## PROBLEM
Your task is to reproduce exactly the lines from the one containing "2022 Lexus GX Luxury" through the last line below, both ends included, and nothing else, with no pictures.

## Caption-style text data
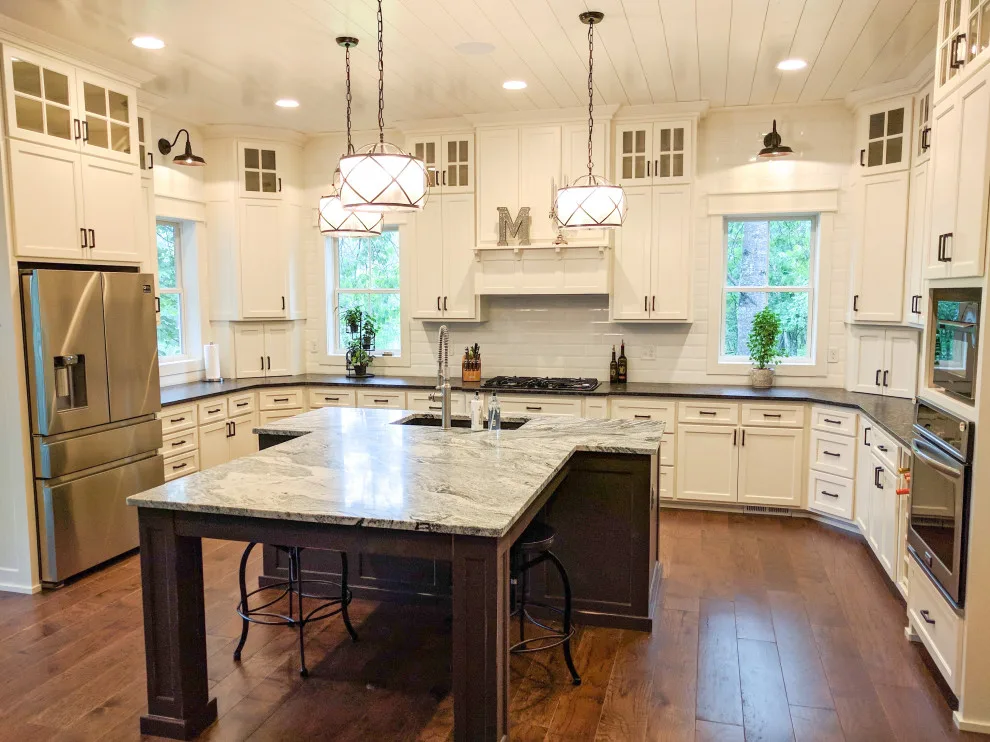 Lakeview Cottage on Clamshell by Katie Kottke Interiors - Photo 11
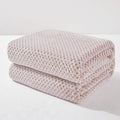 Exclusivo Mezcla Fleece Throw Blanket Extra Large, Super Soft and Warm Blankets by ExclusivoMezcla
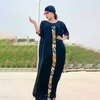 Abaya-duba-turquie-arabe-caftan-musulman-mode-Applique-Robe-robes-pakistanaises-Abayas-pour-les-femmes-Robe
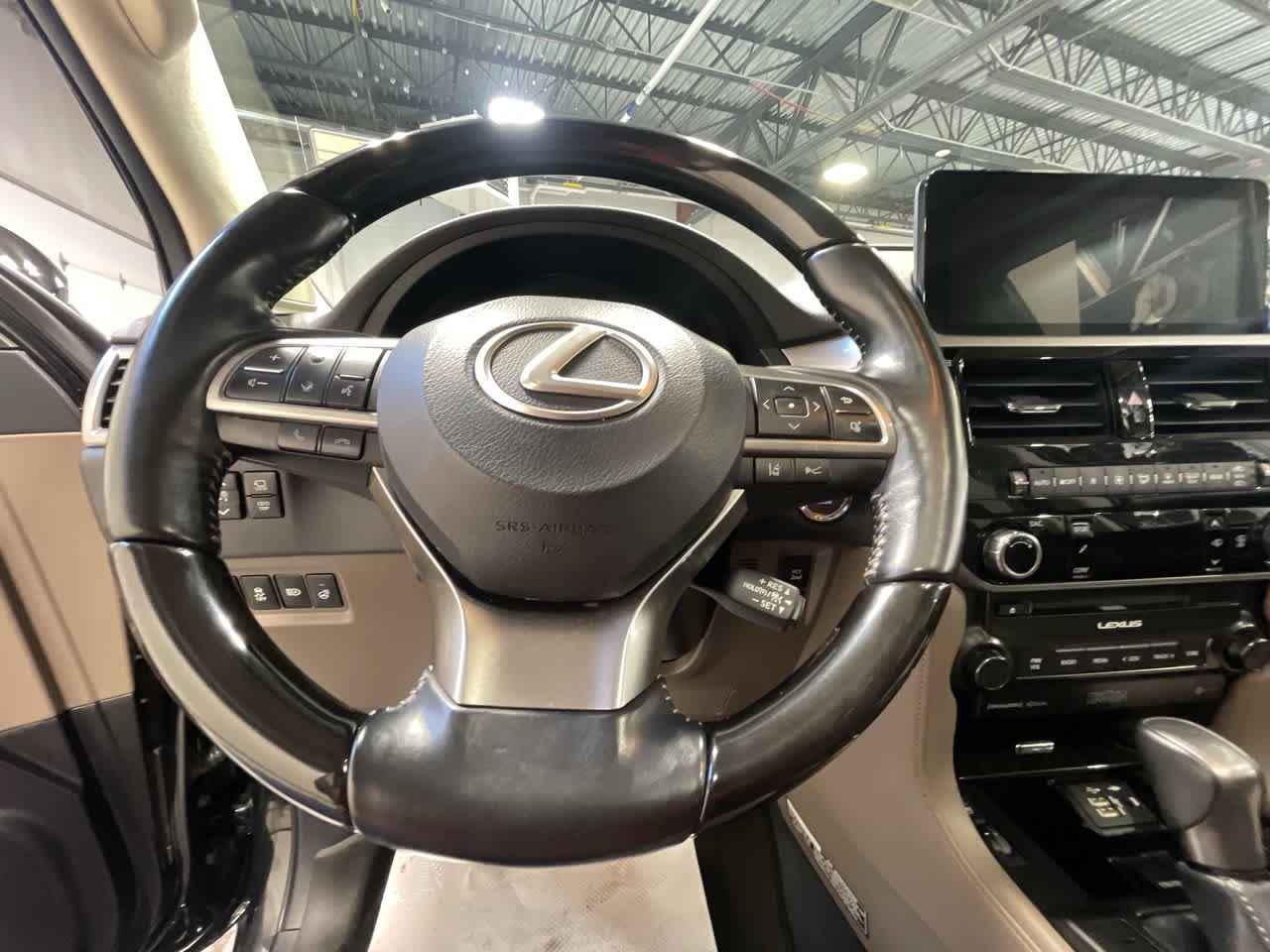 2022 Lexus GX Luxury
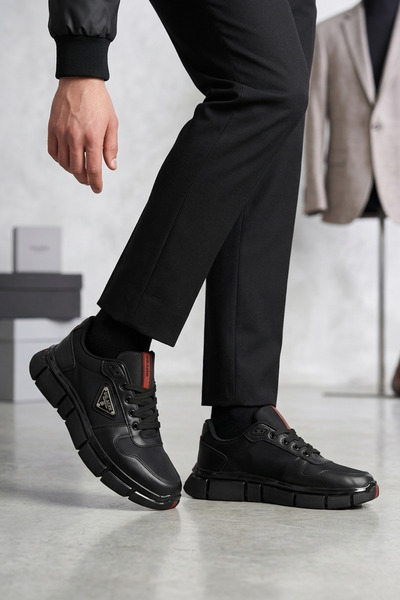 Walkenzo Slzr-062 حذاء رياضي رجالي مريح للاستخدام اليومي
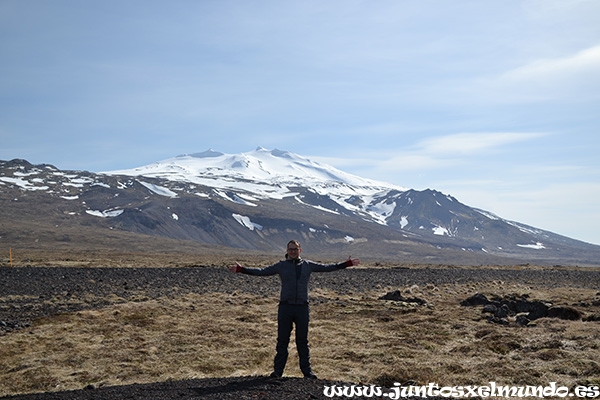 Saefellsjokull 1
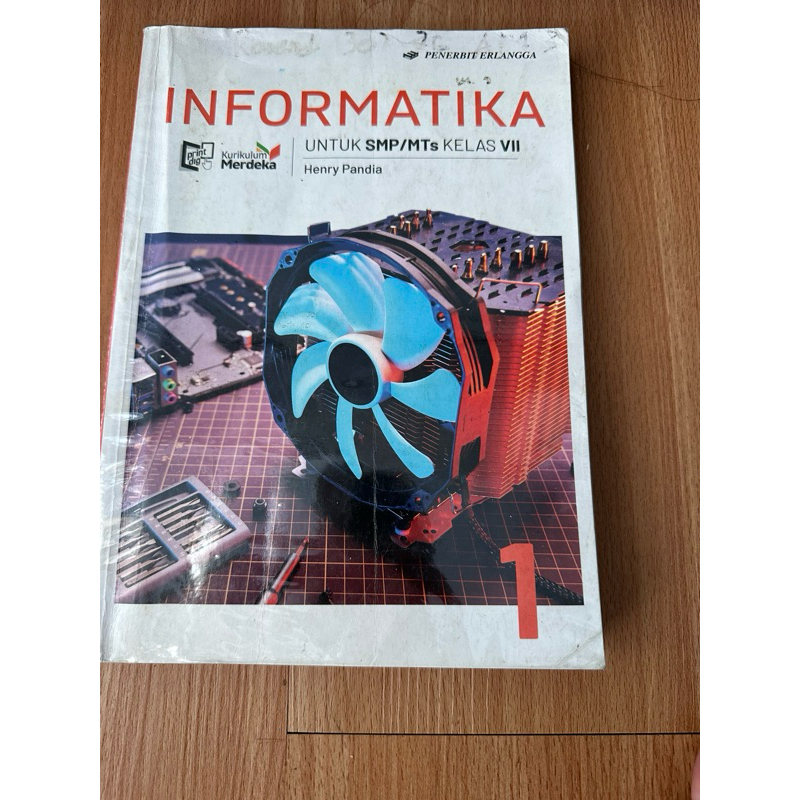 Informatika kelas 7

## RESPONSE TO THE TASK
 2022 Lexus GX Luxury
 Walkenzo Slzr-062 حذاء رياضي رجالي مريح للاستخدام اليومي
 Saefellsjokull 1
 Informatika kelas 7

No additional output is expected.